*** Block opens ***

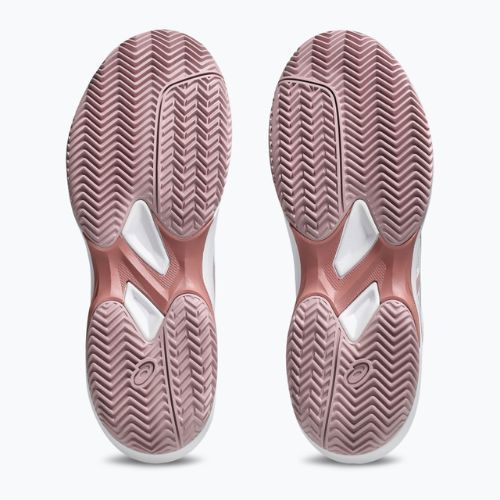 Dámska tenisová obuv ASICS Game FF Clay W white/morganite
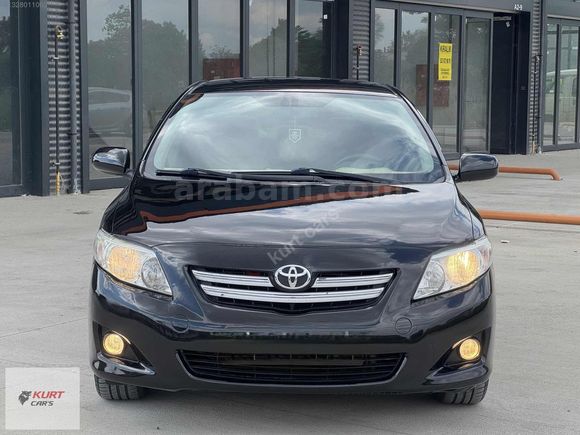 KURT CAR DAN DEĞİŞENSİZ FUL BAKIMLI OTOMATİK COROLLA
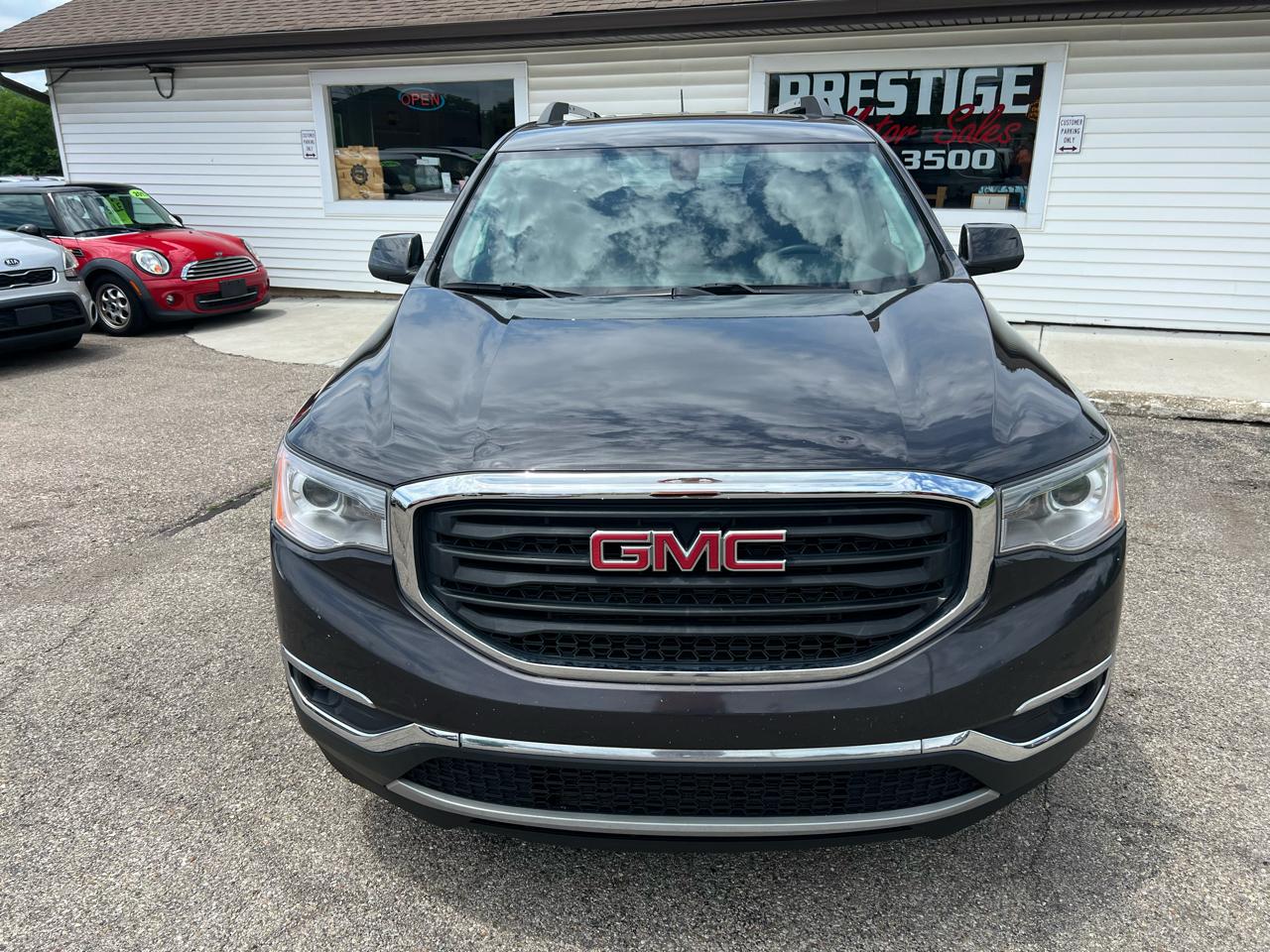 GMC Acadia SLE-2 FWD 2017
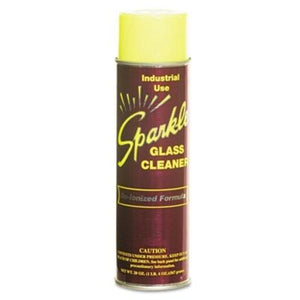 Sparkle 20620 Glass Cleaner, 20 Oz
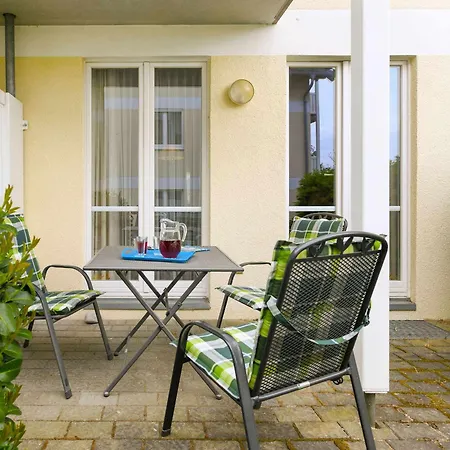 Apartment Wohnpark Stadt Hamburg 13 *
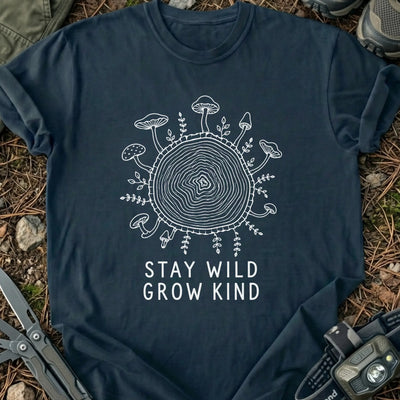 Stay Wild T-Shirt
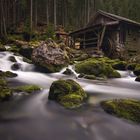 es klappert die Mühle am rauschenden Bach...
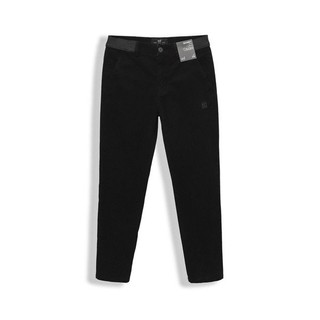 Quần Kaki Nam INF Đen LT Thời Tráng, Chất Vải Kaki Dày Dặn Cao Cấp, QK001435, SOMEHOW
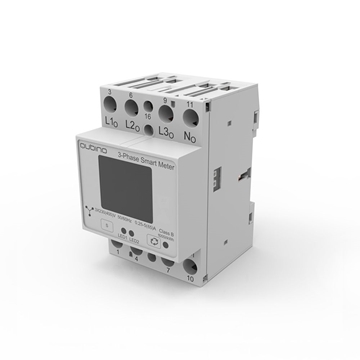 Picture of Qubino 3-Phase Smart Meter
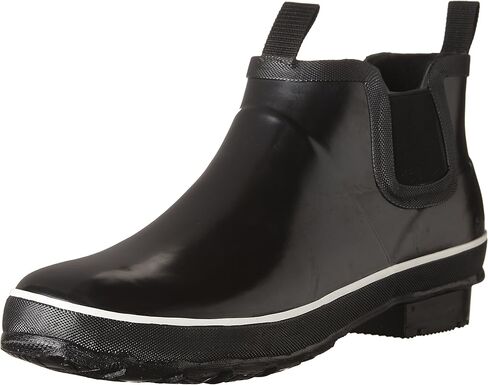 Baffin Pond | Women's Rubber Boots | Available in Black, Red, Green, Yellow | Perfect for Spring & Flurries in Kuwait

*** Block closes ***

■ EXERCISE BRIEF:
Print from the line containing "KURT CAR DAN" through the line containing "Picture of Qubino 3-Phase Smart Meter" in the data above, exactly as the lines stand, and omit every picture.

■ EXERCISE RESPONSE:
 KURT CAR DAN DEĞİŞENSİZ FUL BAKIMLI OTOMATİK COROLLA
 GMC Acadia SLE-2 FWD 2017
 Sparkle 20620 Glass Cleaner, 20 Oz
 Apartment Wohnpark Stadt Hamburg 13 *
 Stay Wild T-Shirt
 es klappert die Mühle am rauschenden Bach...
 Quần Kaki Nam INF Đen LT Thời Tráng, Chất Vải Kaki Dày Dặn Cao Cấp, QK001435, SOMEHOW
 Picture of Qubino 3-Phase Smart Meter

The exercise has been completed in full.